# Data section

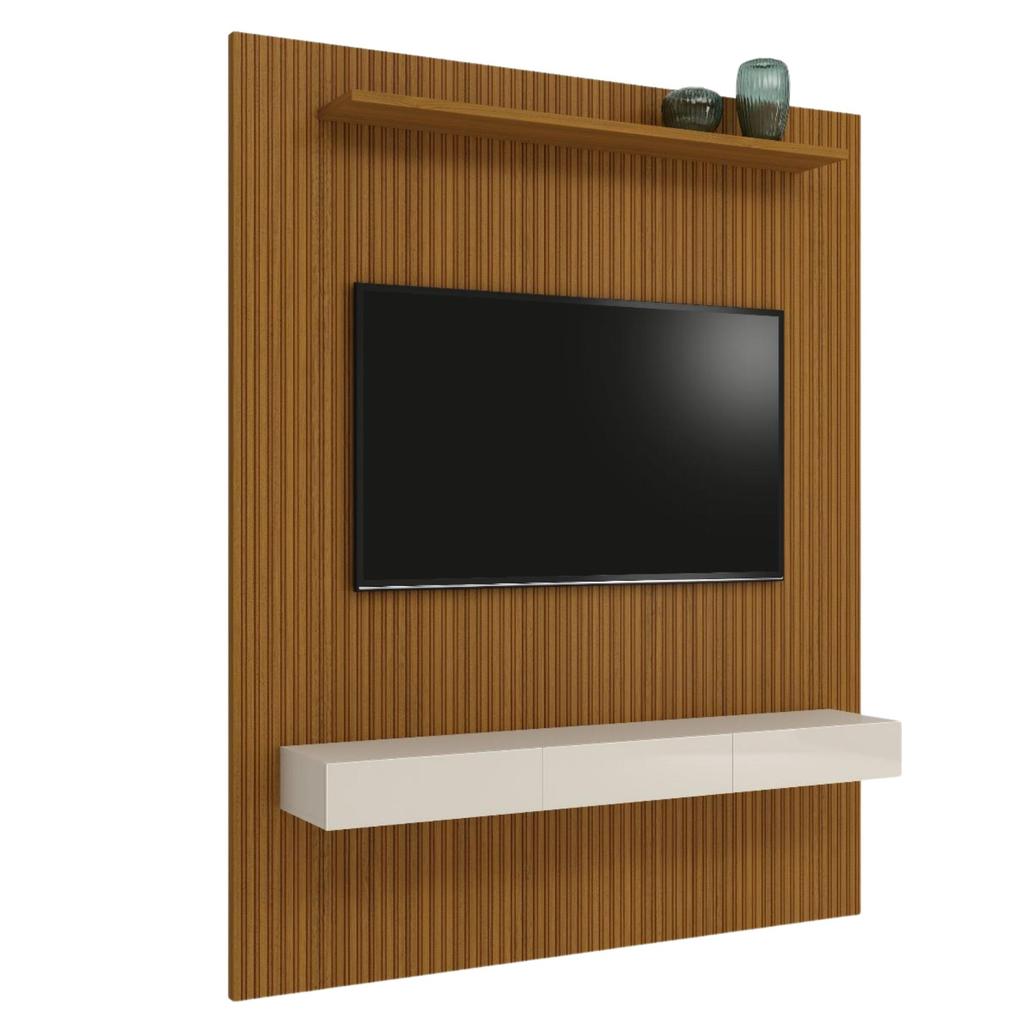 Painel  Para Tv Até 75 Polegadas Ripado Impressão 3D Egeo Com Nicho 1,80m Cedro / Off White EDN em Oferta na Shopee
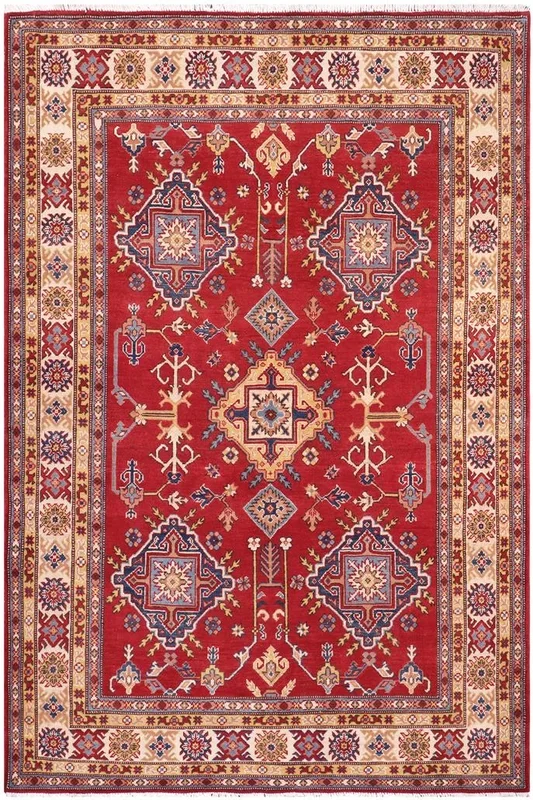 Southwestern Kazak Strain Red/Beige Wool Rug – 5’8” x 7’9”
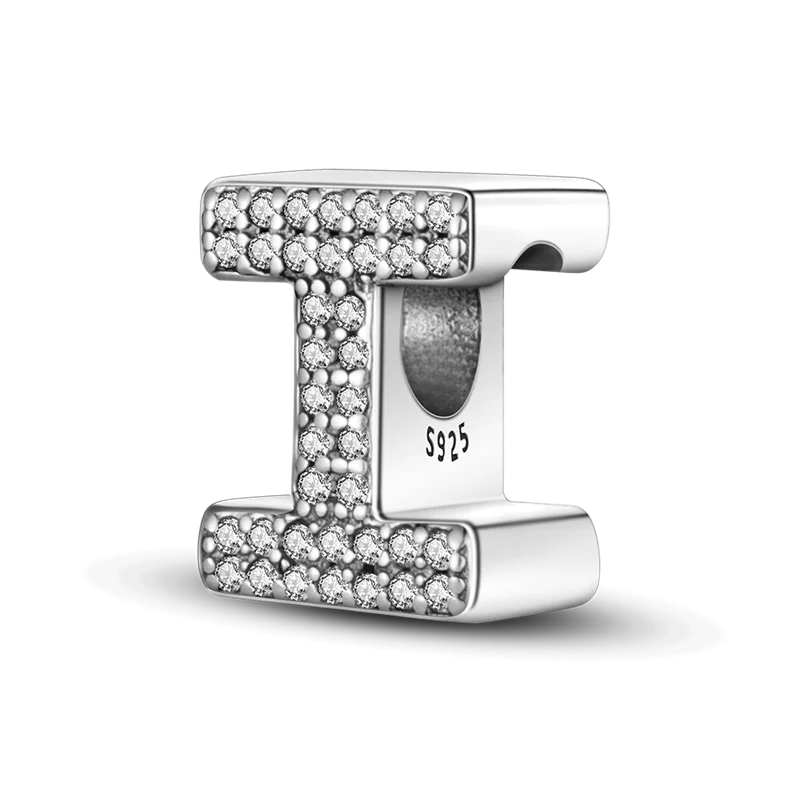 RomiVega 925 Sterling Silver Charms— Gold & Stone Letter Series Collection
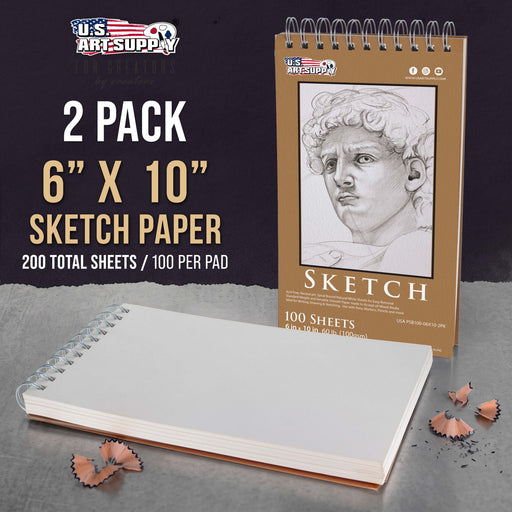 6 x 10" Top Spiral Bound Sketch Book, 2 Pack, 100 Sheets Each, 60lb (100gsm), Acid-Free, Artist Sketchbook, Drawing Pad for Adults & Students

# What to produce
Return, exactly as they stand, all of the lines above, but not the pictures.

# Exercise result
 Painel  Para Tv Até 75 Polegadas Ripado Impressão 3D Egeo Com Nicho 1,80m Cedro / Off White EDN em Oferta na Shopee
 Southwestern Kazak Strain Red/Beige Wool Rug – 5’8” x 7’9”
 RomiVega 925 Sterling Silver Charms— Gold & Stone Letter Series Collection
 6 x 10" Top Spiral Bound Sketch Book, 2 Pack, 100 Sheets Each, 60lb (100gsm), Acid-Free, Artist Sketchbook, Drawing Pad for Adults & Students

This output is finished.